I have never met a singer who was not looking for “ping” or what is called brightness. Most voices are hopelessly dead, and therefore lack sweetness. The voices are filled with night – black hollow gloomy night or else they are as strident as the caterwauling of a Tom Cat. The happy mean between the extremes is the area in which the singer’s greatest results are attained.Evan Williams, How I Regained a Lost Voice, Great Singers on the Art of Singing, James Cooke.
Whether we are singing Classical or Pop, our tone, to the Western ear at least, requires a balance between dark and light. In the modern world, filled with technology and all the shrillness it brings with it, singers face a tougher challenge than ever to maintain this balance – chiaroscuro – while they sing a programme of often contrasting styles.
In this respect, Bel Canto singing is as relevant to the modern singer as it was in the 17th, 18th and 19th centuries. Daily exercises and self-assessment are essential for the maintenance of our singing voices. We must rely on our ear to continually maintain this balance.
From personal experience, as a professional cross over and avant garde singer, I struggled and continue to struggle daily with this task. However, Bel Canto training in the early days and now a refocussing on Bel Canto for the next three years is my refuge. Bel Canto is as relevant today as it was in the past.

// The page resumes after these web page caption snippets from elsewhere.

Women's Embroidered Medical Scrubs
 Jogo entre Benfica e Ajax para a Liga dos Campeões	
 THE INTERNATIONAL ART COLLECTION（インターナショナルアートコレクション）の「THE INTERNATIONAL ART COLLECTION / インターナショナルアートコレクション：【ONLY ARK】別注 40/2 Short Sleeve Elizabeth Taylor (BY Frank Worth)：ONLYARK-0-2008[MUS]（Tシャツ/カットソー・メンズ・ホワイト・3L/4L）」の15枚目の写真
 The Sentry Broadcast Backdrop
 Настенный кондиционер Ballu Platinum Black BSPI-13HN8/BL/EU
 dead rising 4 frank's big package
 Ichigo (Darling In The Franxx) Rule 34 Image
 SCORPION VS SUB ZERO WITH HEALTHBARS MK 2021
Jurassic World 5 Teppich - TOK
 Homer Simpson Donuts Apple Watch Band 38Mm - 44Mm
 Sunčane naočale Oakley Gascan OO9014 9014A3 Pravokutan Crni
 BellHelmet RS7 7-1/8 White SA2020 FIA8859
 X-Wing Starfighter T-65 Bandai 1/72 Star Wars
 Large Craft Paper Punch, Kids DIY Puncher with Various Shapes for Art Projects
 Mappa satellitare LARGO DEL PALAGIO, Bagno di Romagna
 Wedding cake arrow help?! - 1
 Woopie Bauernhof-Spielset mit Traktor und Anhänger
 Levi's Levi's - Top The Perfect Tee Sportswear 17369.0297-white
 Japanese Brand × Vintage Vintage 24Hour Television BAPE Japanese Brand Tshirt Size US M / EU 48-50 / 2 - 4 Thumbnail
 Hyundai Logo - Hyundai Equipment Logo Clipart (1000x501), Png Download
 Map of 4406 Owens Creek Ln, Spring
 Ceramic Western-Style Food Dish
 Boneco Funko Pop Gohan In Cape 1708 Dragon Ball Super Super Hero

To demonstrate this, rather than a classical demonstration, today I have a demonstration of Norah Jones’s song ‘Come Away with Me’. Here I have stripped a couple of things away (the feeling of ‘o’ and and beginning the note on pitch, for example) to come up with a version of this pop/jazz/folk song that, hopefully, is reasonably true to the style but yet is vocally ‘safe’ and can be sung to an audience of up to 100 or so without a microphone. I think this is important because the modern audience that I love to sing to (communities across Southern Africa and the Antipodes) does not want to hear classical music from beginning to end. What a drag.
In addition, I must know how to teach my students modern styles as well as classical. ( I must also be able to educate my students how to adapt to classical music post-Donizetti – a wretched task if one is to avoid shouting from beginning to end- but I will save that for posts in the future).
Learning and teaching to hear is the first task of both pupil and teacher. One is impossible without the other. It is the most difficult as well as the most grateful task, and it is the only way to reach perfection.Lilli Lehmann, How to Sing.